The $1.8-billion project, which broke ground in 2014, adds 1.9 miles of new subway tunnel beneath Downtown Los Angeles, allowing through routing for both the A Line (which now runs 50 miles north-south between Azusa and Long Beach) and the E Line (which runs a more modest 23 miles between east-west between East Los Angeles and Santa Monica). In addition to eliminating the need for transfers at two of L.A. County's busiest transit hubs - 7th Street/Metro Center Station and Union Station - the project also includes three new stops of its own: the rebuilt Little Tokyo/Arts District Station, Historic Broadway Station, and Grand Av Arts/Bunker Hill Station.
The Grand Av Arts/Bunker Hill Station, which will be the first stop for northbound trains from the longtime A and E Line terminus at 7th Street/Metro Center Station, is perhaps the most architecturally significant of the three new stations. The station is located roughly 10 stories below street level, making it one of the deepest subway stops on the West Coast. It sits one block the west of Grand Avenue, and sits within walking distance of The Broad contemporary art museum, MOCA, the Walt Disney Concert Hall, the Music Center, and California Plaza.
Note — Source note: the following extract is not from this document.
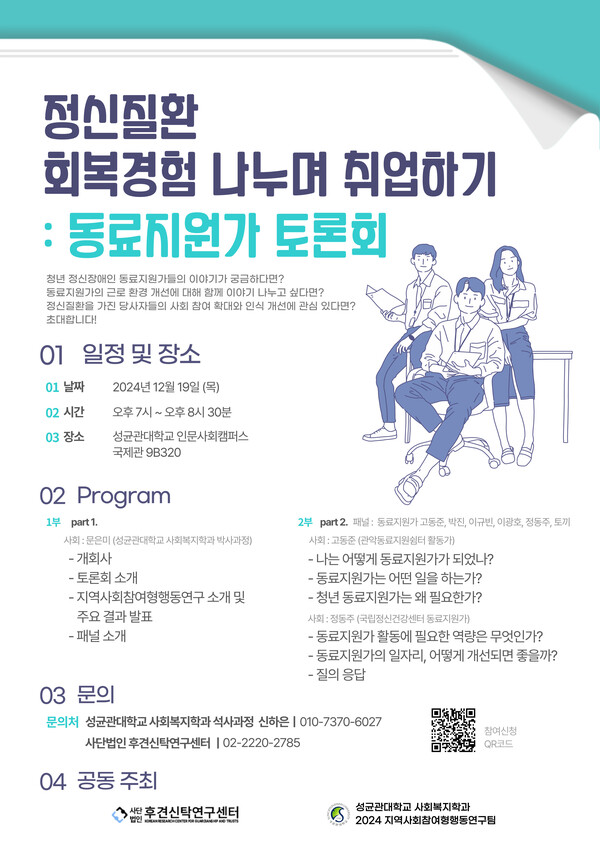  ‘정신질환 회복 경험 나누며 취업하기: 동료지원가 토론회’ 포스터.ⓒ후견신탁연구센터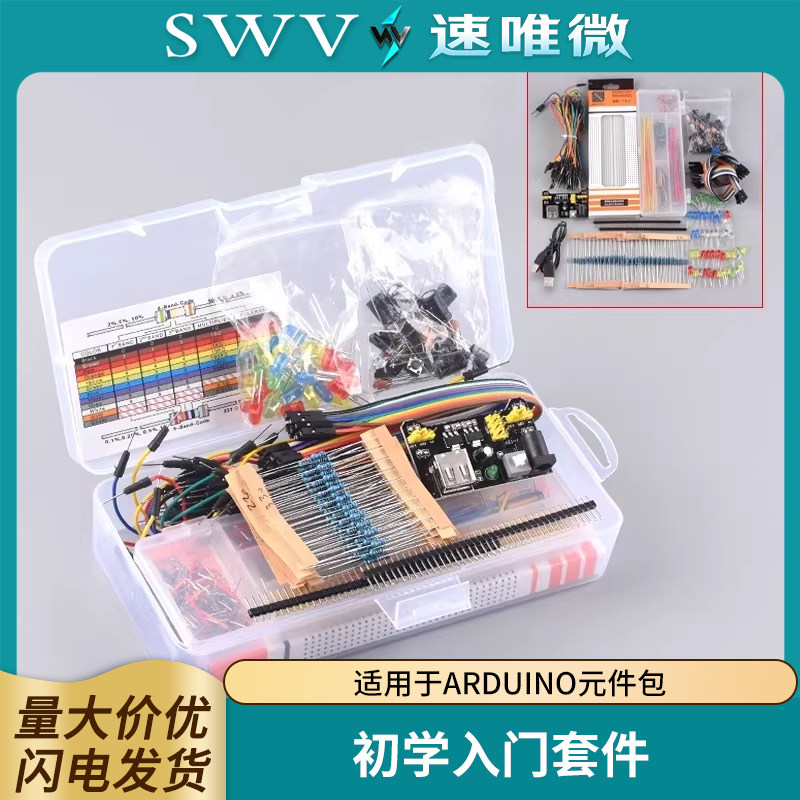 面包板实验套件电源板模块DIY实验板电路板面包线杜邦线跳线400孔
Located on a triangular patch of land at 2nd and Hope Streets, the station sits downhill from Grand Avenue to the east. To provide a means of access without a walk up and down a hill, the elevators can be accessed via a new pedestrian bridge which connects to a currently unused space at the back of The Broad. Inglewood-based (fer) studio designed the overcrossing, which could one day be coupled with new green space built at the rear of the adjoining contemporary art museum.
Given the steep drop and relatively compact dimensions of the station, there are no escalators. Vertical circulation is provided entirely by elevators and an emergency staircase. The long path down to the station mezzanine leaves room for new artwork - High Prismatic by Pearl C. Hsiung - a mosaic which stretches 60 feet high and is composed of more than one million glass pieces.